Synonym
Atresia of the bile ducts, English: biliary atresia, BA classification according to ICD-10 ? Q44. 2General Biliary atresia is a congenital malformation of the bile ducts.
The bile ducts are closed (occlusion = atresia). The disease is found exclusively in newborns and is a common indication for a liver transplant in infancy. Causes As with many human diseases, the aetiology of biliary atresia is not fully understood.
However, there are genetic and inflammatory infectious components that most likely lead to such a dislocation of the bile ducts. There is most likely a connection between this malformation and a viral infection during pregnancy with the Epstein-Barr, cytomegalovirus, respiratory syncitial and human papilloma viruses. Furthermore, genetic abnormalities are found in the affected children.

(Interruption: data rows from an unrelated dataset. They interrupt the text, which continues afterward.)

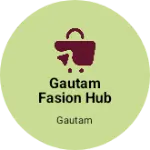Business logo of Gautam fasion hub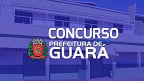 Concurso Prefeitura de Guará-SP 2024: Edital e Inscrição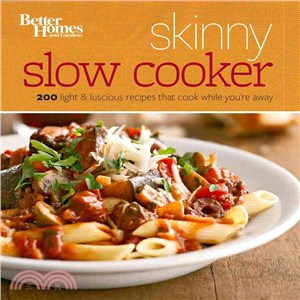 Better Homes and Gardens Skinny Slow Cooker ─ More Than 150 Calorie-smart Recipes That Cook While You're Away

If the bile ducts are viewed as fine tissues, sclerosis (obstruction with connective tissue) and inflammatory changes can be seen. Girls are more frequently affected by bile duct atresia than boys. The disease occurs with a prevalence of 1:20,000 and is more frequent in Asia and the Pacific region.

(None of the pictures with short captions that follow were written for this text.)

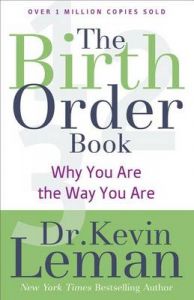 The Birth Order Book: Why You Are the Way You Are: Book by Dr Kevin Leman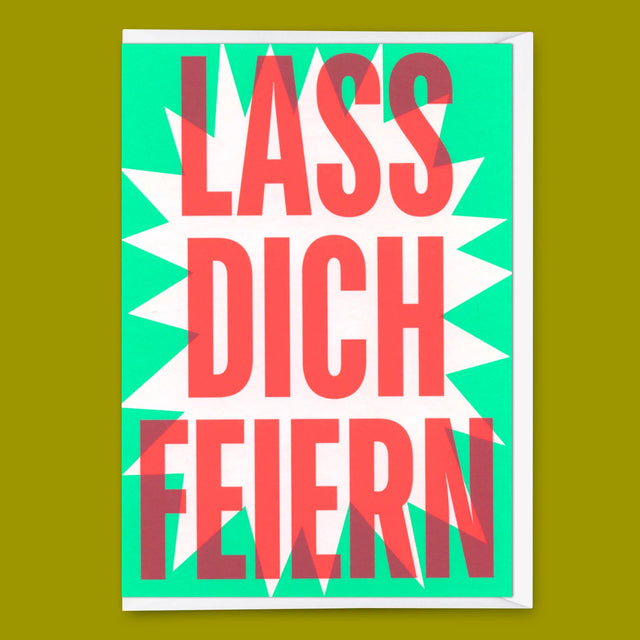 Grußkarte "LASS DICH FEIERN" | Coole bunte Glückwunschkarte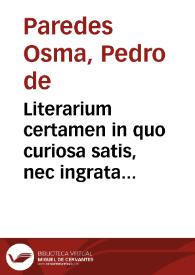 Literarium certamen in quo curiosa satis, nec ingrata veteris iuris patronat[us] (scilicet de successione patronorum in bonis libertorum)...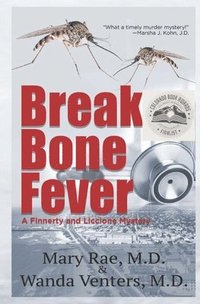 bokomslag Break Bone Fever: a Finnerty and Liccione Mystery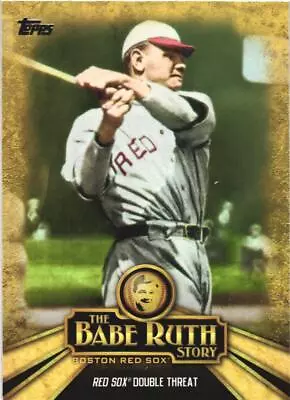 2015 Topps The Babe Ruth Story #BR-3 Red Sox Double Threat Boston Red Sox • $1.65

A distinction is made between a syndromal and a non-syndromal form. In the non-syndromal form of the disease, only the bile ducts are obstructed, whereas the syndromal form is associated with other malformations such as heart defects. Symptoms In newborns with a biliary atresia, there is a prolonged jaundice (in contrast to the physiological newborn jaundice), a discoloration of the stool (acholic stool) and a brown coloration of the urine.
Furthermore, the liver may be enlarged, which is called hepatomegaly. The general condition of the children then deteriorates over time, so that weight loss can be observed. The result is an enlargement of the spleen, which can be extremely painful, and ascites in the abdomen.
Digestive disorders and thus pain in the intestinal area can result from the lack of bile acids. There is also an increased tendency to bleed, since vitamin K absorption is disturbed due to the lack of bile acids. Diagnosis An ultrasound examination may reveal anatomical abnormalities such as a reduced gallbladder or deformities of the liver.
If the findings are uncertain, cholangiography is an option, in which the bile ducts are visualized using a contrast medium. It is also possible to perform a liver biopsy. Treatment Biliary atresia requires treatment in any case, since untreated liver cirrhosis develops, which leads to early death. Infants are usually treated surgically. Liver transplantation is usually necessary until the second year of life.